Bis dahin gehen die Initiativen weiter in alle Richtungen. Wenn Jörg Schönbohm das "Begutachtungssystem" ändern und damit mehr Sicherheit erreichen will, muss er Hürden für die Überzeugung der Gutachter aufbauen. Praktisch heißt das: Die "Gefährlichkeitsprognose", bislang weitgehend den Ärzten überlassen, wird künftig einer stärkeren Kontrolle unterzogen, vielleicht sogar einer richterlichen. Dann wäre das System dort angekommen, wo es Politiker wie der rechtspolitische Sprecher der Unionsfraktion, Norbert Geis (CSU), auch haben wollen: Unter Aufsicht der Justiz, womöglich in der Zuständigkeit des Justizministeriums.

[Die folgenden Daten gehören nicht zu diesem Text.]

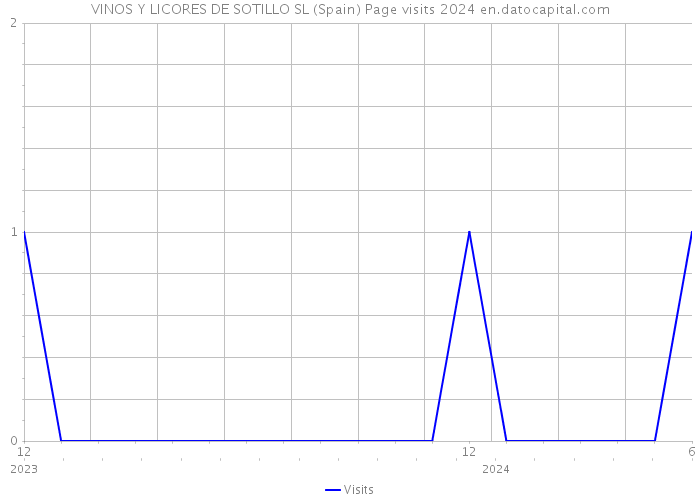 VINOS Y LICORES DE SOTILLO SL (Spain) Page visits 2024 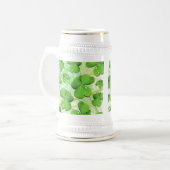 Green Shamrock St Patrick's Day Beer Stein Bierpul (Voorkant links)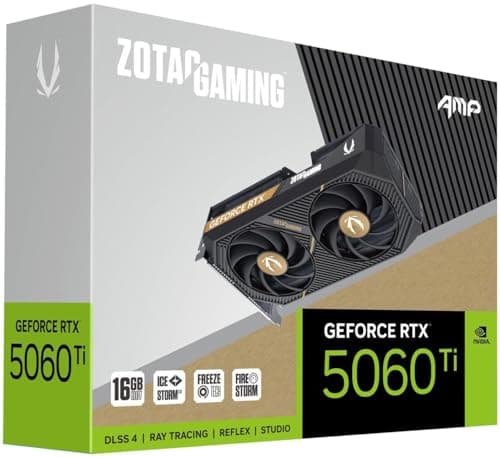 Zotac GeForce RTX 5060 Ti GAMING AMP 16GB GDDR7 Black image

Der Brandenburger Ministerpräsident Manfred Stolpe (SPD) hat am Freitag für sein Land eine andere Lösung vorgeschlagen. Externe Gutachter sollen bei den "Lockerungsstufen" mitentscheiden. Das Brandenburger Sozialministerium betonte, der Maßregelvollzug liege in der Hand der Gesundheitsbehörden vollkommen richtig. Schließlich handele sich um kranke Menschen, die der Heilung bedürfen.

Doch nur Bekenntnisse helfen nicht. Allein in Brandenburg gab es 34 Ausbrüche aus dem Maßregelvollzug in den letzten sechs Jahren. Wird Frank Schmökel bald gefasst, bleibt es vermutlich bei den "kleinen Lösungen" im Schutz der Allgemeinheit vor psychisch kranken Straftätern. Vielleicht sollte man sich in Potsdam trotzdem die "Lockerungsstufen" genauer ansehen. Von "Wahrnehmung aller Möglichkeiten zur Fluchtverhinderung" ist da nur bei Stufe eins bis drei die Rede. Vielleicht sollte man dies zunächst einmal auch bei Stufe vier hineinschreiben.